The research looking into the triggering of herpes in astronauts was published in the journal Frontiers in Microbiology last month. Mehta, along with his team discovered that there were more herpes viruses found in the urine and saliva of astronauts compared to the tests taken before the space travel occurred. Scientists believe that space travel triggers herpes in astronauts because they experience a lot of stress while traveling.
“NASA astronauts endure weeks or even months exposed to microgravity and cosmic radiation – not to mention the extreme G forces of take-off and re-entry,” Mehta said in the press release. “This physical challenge is compounded by more familiar stressors like social separation, confinement and an altered sleep-wake cycle.”
However, even though the virus was detected in the saliva, blood and urine samples of half of the astronauts following space travel, symptoms of it actually occurring in space were rare. The study tested 89 astronauts, with only six of them experiencing the herpes virus while being in space, which is a rate of roughly 7%, the study stated.
Herpes symptoms have however became worse with astronauts spending longer amounts of time above the Earth. Those that didn’t spend as long a time on the International Space Station, didn’t experience as severe symptoms. That is, however, worrisome because NASA has great plans for further space travel to the moon and Mars, and this problem could impact those manned missions. Moreover, if herpes symptoms in astronauts increases with the time spent in space, deep space missions sound more challenging.
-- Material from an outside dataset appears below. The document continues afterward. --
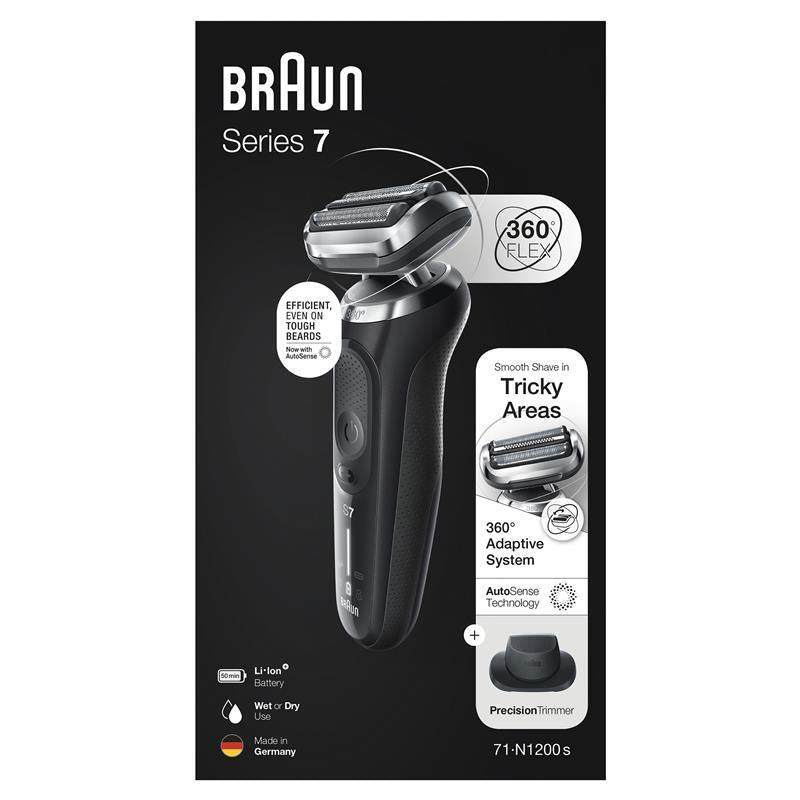Braun Series 7 Electric Shaver with Precision Trimmer 71-N1200s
“While only a small proportion develop symptoms, virus reactivation rates increase with spaceflight duration and could present a significant health risk on missions to Mars and beyond,” reads the press release.
That said, researchers will have to develop countermeasures to fight the reactivation of the dormant herpes virus, as well as other viruses which could potentially awaken.
“Trials of other herpes virus vaccines show little promise, so our present focus is on developing targeted treatment regimens for individuals suffering the consequences of viral reactivation,” Mehta explained. “This research has tremendous clinical relevance for patients on Earth too. Already, our spaceflight-developed technologies for rapid viral detection in saliva have been employed in clinics and hospitals around the world.”